Senate Bill 99 passed the Senate Monday with 24 votes in favor and one excused. Sen. Suzanne Bonamici (D-NW Portland/ Beaverton), who voted ‘no’ said she strongly supported forming a health insurance exchange, but she had misgivings about certain portions of the bill.
“Small business and individuals will be paying the premiums, but unfortunately it’s lost the support of many of them,” Bonamici said on the floor. “They want it to do something very reasonable, which is negotiate for lower cost.”
Bonamici said the bill prohibits the exchange board from bargaining for lower premiums.
“I hope this comes back from the House in a form that we can all support,” she said.
Sen. Jackie Dingfelder (D-Portland) was the other 'no' vote from a Democrat.
Sen. Chip Shields (D-North Portland) voted ‘yes’ but said he too was unhappy with a provision he characterized as “tying the hands of the board” to negotiate for lower premiums.
Sen. Alan Bates (D-Ashland) defended the bill as a bipartisan compromise. He said the state already has a mechanism for negotiating with insurers through rate review under the Department of Consumer and Business Services.

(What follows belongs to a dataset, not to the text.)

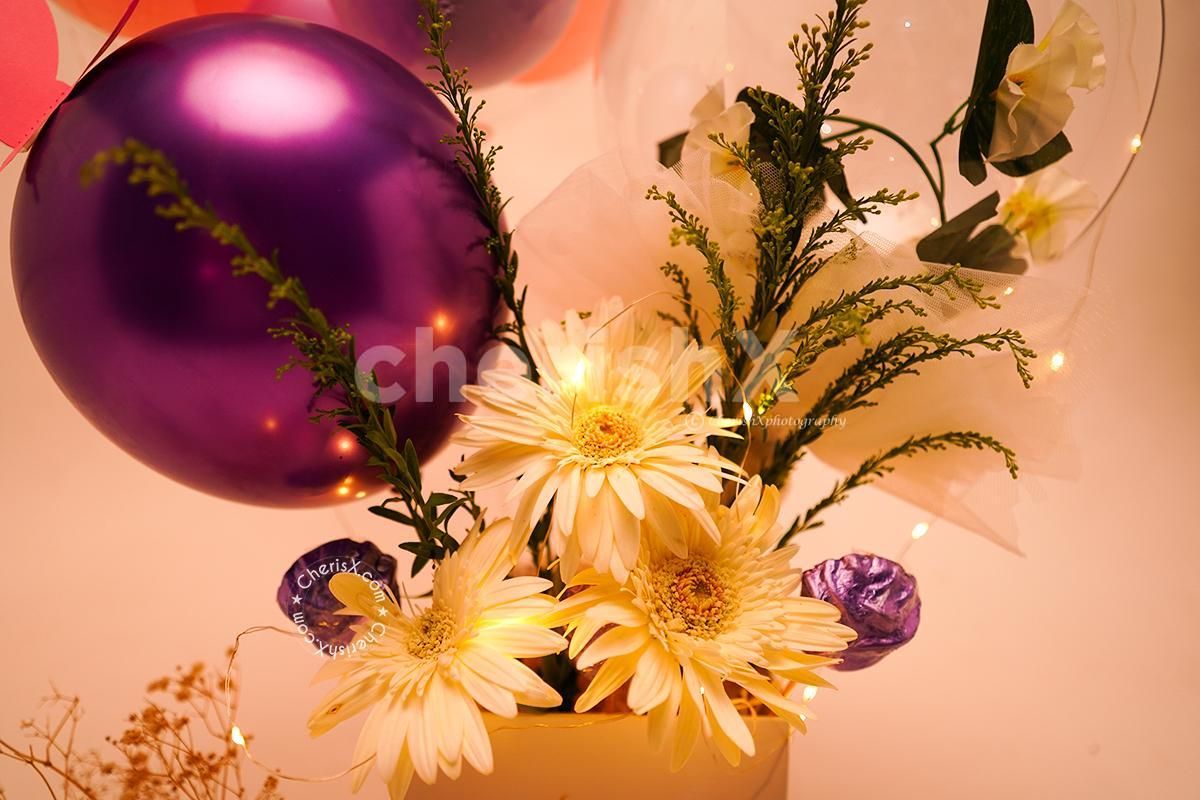 The heart-shaped chocolates will surely make your partner happy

“The bill doesn’t say the exchange can’t negotiate. It says each company must be treated equally and fairly,” Bates said. “I believe in competition, but when we have more than 100 plans, how they can start negotiating with them is something beyond the scope of the exchange.”

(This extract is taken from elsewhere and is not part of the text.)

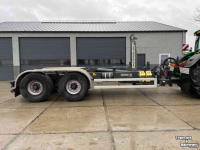 Container haakarm-carrier Stronga HL210DT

Bates said the exchange won’t be a panacea to what ails the healthcare system, but it could potentially lower premiums by 10 to 15 percent due to current cost shifting that could reportedly be eliminated with an exchange.
Bates also addressed the inclusion of insurance broker commissions that would be paid through the exchange as a substantial reform of the current system of compensating agents. But it wasn’t a detail that drew much support from consumer advocates that wanted brokers left out.
“I’ve got all my friends unhappy with me and all my enemies are unhappy with me,” Bates said. “The bill is probably just about right.”
If Oregon doesn’t pass a bill to create its own exchange, the federal government will impose one.
“My biggest worry is this goes to the House and dies and we are stuck 18 months from now with a federal exchange we can’t make work in this state,” Bates said.
Rep. Mitch Greenlick (D-Portland) who heads the House Health Care Committee had made overtures toward strengthening the exchange bill, but indicated to The Lund Report last week
, he will probably back off.
Beginning in 2014, individuals and small businesses with less 50 employees will be able to purchase health plans through the exchange. It will determine eligibility for federal and state subsidies while serving as the single point of entry for multiple government programs. Starting in 2016, businesses with up to 100 employees will be able to buy coverage through the exchange.
The goal is to create a uniform playing field to compare insurance coverage equally on the basis of cost and performance, offer greater freedom of choice, as well as share risk across the entire market. The bill also calls for an advisory panel and an oversight board made up of legislators.
The legislature must sign off on a final business plan for the public corporation that will administer the exchange at its legislative session in February. Sen. Frank Morse (R-Albany) called this a feedback loop.
“This bill ensures a level of accountability not realized in any past major legislation to come before this body,” Morse said.